When she enrolled at the University of California at San Francisco, Cunniff figured she would pursue a career in academia and become a professor. During her six-and-a-half years on campus, though, she casually kept tabs on the growth of analytics in the NHL through social media.
Among those she followed on Twitter was Hurricanes vice-president of hockey management and strategy, Eric Tulsky. Tulsky joined Carolina in 2015 and laid the foundation for the team’s analytics department. Four years later, he posted a job opening for a fourth full-time member on his staff. Across the country, Cunniff, a longtime hockey fan, jumped at the opportunity. “I kind of stumbled into it,” she said. “But when I thought about it, I realized it was tailored to my skill set.”
There was just the matter of convincing her graduate advisor. “I wasn’t sure how that would be received,” Cunniff said. “But I was lucky. He’s a big Houston Rockets fan and they’ve done great statistical work in the NBA. So, he was onboard immediately. He was actually one of my references. So, thank you to the Rockets. That was a relief.”
While a job with the Hurricanes may not have been the traditional landing spot for a UCSF alum with a Ph.D. in neuroscience, Cunniff said her academic background had her well prepared for the workload and expectations in Carolina.
Cunniff’s primary focus with the Hurricanes’ analytics department is on player and puck tracking. Because it’s new, and given the open-ended nature of analytics data, the information could be overwhelming. Navigating through it, Cunniff said, is among her strengths. “A lot of developing a thesis is figuring out how to narrow a topic and what to pursue. [Analytics] can be daunting, but it has a lot in common with where I came from. With these kinds of things, there are infinite questions we can ask, so trying to break them into pieces is in itself a skill set.”
Cunniff, 29, said it’s one thing to quantify event data like shots and goals, but it’s a different beast to use player and puck tracking to help explain what led to those events. Cunniff measures facets of the game that she says team personnel are already watching for, but haven’t necessarily been able to confirm through statistics.
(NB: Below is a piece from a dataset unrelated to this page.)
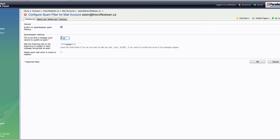Will you get some false positives? Yes. Will you let some spam through even at 3? Yes. But you can go into training, blacklisting, and whitelisting, which we'll cover in a separate video. The option 'Add the following text to the beginning of the subject of each message recognized as spam' — if a message gets flagged, we can mark the subject with a string, in this case four asterisks, spam, four asterisks. That'll stand out in your inbox, and you can set up filtering rules on the client side — whether you use Outlook, Microsoft Mail, or OS X Mail — to send these to a quarantine or spam folder while you have a chance to go through them.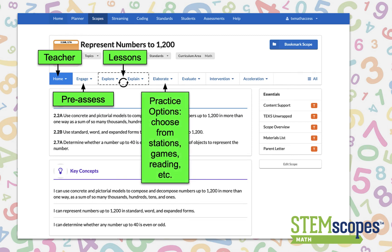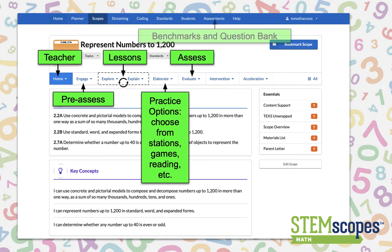In Elaborate, you differentiate with a wide variety of practice options. Assess your students and evaluate. You can also create your own assessments with our quantile benchmarks and question bank.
“When you talk about players getting in the corners and playing with grit, you can now ask, ‘what would that look like in numbers?’ ” said Cunniff, whose official job title with the Hurricanes is data scientist. “Science, whether it’s computational science or hockey data science, is about trying new things. It’s not just going from a list of shot locations the NHL provides and repackaging it. It’s about getting new insights and answering new questions.”
The ideas are fresh. The ways to track them are fresh. And the team employees now trusted to sift through them are fresh. Between Cunniff and Tulsky, the Hurricanes analytics team boasts two Ph.Ds. “A lot of this is still really exploratory and that’s one of the great things about my position,” said Cunniff, currently the only woman working hockey ops with the Hurricanes.
“With player and puck tracking, we’re going to have a ton of information. The key is to cut out the noise and figure out how to get interesting stuff out of it. It’s really about providing novel insights to the team.”